I love recording because of the creative process involved…it’s like writing a drum song (actually it IS that). It’s also an opportunity to get creative with tones and timbres on the instrument. Me being one of those tone merchant guys, well…that’s just too much fun (as the Joker would say 😉
I was telling one of my teachers about one of my tone pursuits (in this case, the perfect rimshot backbeat for any occasion). He started laughing when I told him I have six different rim shots I can do on the snare drum (actually nine if I use my wallet). This is a guy who’s a pro drummer in LA, plays on the big network TV shows, and he tells me, “Dude, I have, like, one–you’re insane”.
(Before I take too much credit for being fabulous, I should note that I got the idea from Ringo. Nine times out of 10, anything I think up and do on drums, Ringo was there first 😉
So, I’m gonna focus on a couple of tunes I recorded in Portland. The first one I want to focus on is Shoebox Letters “Another Summer Day”, written by Dennis Winslow
This was one of tunes where we were listening to the iPod on shuffle in the car, the tune came up, and I didn’t recognize it was me at first. The reason for that was that we learned it at the recording session; got it in two, three takes tops…then that was it–we were done.

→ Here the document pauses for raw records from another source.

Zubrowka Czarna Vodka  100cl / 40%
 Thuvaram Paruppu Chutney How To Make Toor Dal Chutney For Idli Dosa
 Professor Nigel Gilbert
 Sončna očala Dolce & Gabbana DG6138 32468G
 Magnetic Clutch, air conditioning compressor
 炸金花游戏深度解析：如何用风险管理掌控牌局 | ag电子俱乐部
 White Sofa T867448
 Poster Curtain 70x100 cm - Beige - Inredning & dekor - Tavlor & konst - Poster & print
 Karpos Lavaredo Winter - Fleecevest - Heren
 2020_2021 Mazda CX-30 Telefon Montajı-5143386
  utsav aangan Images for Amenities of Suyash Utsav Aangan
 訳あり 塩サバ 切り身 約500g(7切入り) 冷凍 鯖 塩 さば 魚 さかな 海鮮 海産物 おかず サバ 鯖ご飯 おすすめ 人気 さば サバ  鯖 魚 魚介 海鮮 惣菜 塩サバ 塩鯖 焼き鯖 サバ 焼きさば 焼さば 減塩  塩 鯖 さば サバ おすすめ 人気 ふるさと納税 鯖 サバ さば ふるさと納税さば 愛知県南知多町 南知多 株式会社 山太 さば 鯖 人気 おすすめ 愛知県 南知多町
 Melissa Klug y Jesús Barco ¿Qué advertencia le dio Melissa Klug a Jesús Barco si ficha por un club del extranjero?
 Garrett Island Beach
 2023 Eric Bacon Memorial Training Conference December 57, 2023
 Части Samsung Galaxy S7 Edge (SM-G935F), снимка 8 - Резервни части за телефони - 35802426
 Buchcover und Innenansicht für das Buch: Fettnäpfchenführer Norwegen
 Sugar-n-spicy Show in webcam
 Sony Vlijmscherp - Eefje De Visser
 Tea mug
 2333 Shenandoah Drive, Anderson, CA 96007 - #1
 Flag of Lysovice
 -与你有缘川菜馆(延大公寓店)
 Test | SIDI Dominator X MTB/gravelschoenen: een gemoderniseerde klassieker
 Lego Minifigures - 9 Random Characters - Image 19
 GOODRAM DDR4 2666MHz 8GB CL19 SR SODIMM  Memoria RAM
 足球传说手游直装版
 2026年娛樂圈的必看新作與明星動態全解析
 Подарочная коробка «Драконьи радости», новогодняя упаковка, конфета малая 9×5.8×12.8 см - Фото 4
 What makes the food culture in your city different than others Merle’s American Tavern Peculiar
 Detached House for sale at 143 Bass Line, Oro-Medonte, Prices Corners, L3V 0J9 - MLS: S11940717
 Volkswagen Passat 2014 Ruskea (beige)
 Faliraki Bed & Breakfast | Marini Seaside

It’s also a tune that we rarely played live. (Yes, Dennis has so many tunes in his portfolio that a great tune like this just gets lost in the shuffle and dropped from the set list after a couple of gigs…makes ya sick don’t it?) So, the recording version is one of the less than 5-6 times this tune was ever played.
It’s easy to forget that some of the songs you love and grew up with don’t ever get played live and the recording may be the only time it was performed, ever. Most any tune recorded from Sgt. Pepper forward never got played live by the Beatles live (the exception being the rooftop concert).
The next song I want to talk about is Shoebox Letters “First to Hurt”, another one written by Dennis. In this case, this was a song we did live all the time. However, the arrangement on the recording is so different compared to the live version that I also didn’t recognize it at first when it came up on shuffle that day. (Plus the recording has that great mandolin hook that we never did live.) When we played this live, it was almost like a U2 tune; building, driving, getting louder all the way through the tune–it was a great set closing tune. And it was nothing like the recorded version.
This is not to say that recording is without its challenges, or that it’s just a fun stroll in the park. No, no. Most importantly, the drummer can’t punch in and fix parts that weren’t initially played correctly, so the drummer is under a lot of pressure to put the drum track down right, and quickly (recording studio time is very expensive–unless you’re recording at home, and even then, folks want you to work quickly).
Also, working in the studio is sort of like a verbal IQ test (verbal in that if you play Rock, Pop, Country and R&B, you’re almost never working from a chart, although sometimes I make my own). Here’s an example from an R&B recording session I did this past week: I was tracking with the rhythm guitarist, who also happened to be the songwriter, and he asked me this. “Have the snare lay out on 1st half of first verse, and then lay out on first quarter of second verse.” Now, I had no charts, therefore I had no numbers available to me count measures, so I had to use my musical sensibility to figure out when I was halfway, or a quarter of the way through each of those respective verses. And quickly, because the next thing out of his mouth was “Make sense? Count it in” 😉
Also, session leaders will often times have you working on two to three things at the same time. At one time during the session I mentioned above, the songwriter asked before a take that “this time play the whole thing more ‘on’ the beat” (vs. behind the beat in this case) and “take the bass drum out of the intro”. So here we go again–it’s like a verbal IQ test!
But I truly do love it–despite the challenges. Or rather, maybe because of the challenges (if it was easy, anyone could do it, right? 😉 It’s also gratifying to realize that, in many cases, you are helping to create the definitive recorded artifact of that particular tune.
And don’t get me wrong–I truly love playing live as well. It’s just that, in genres like Rock, Pop, Country and R&B, there’s less creative work done live onstage (as compared to Jazz, for example).
So that’s it. And, for my drummer friends out there, remember to have fun…when you drum!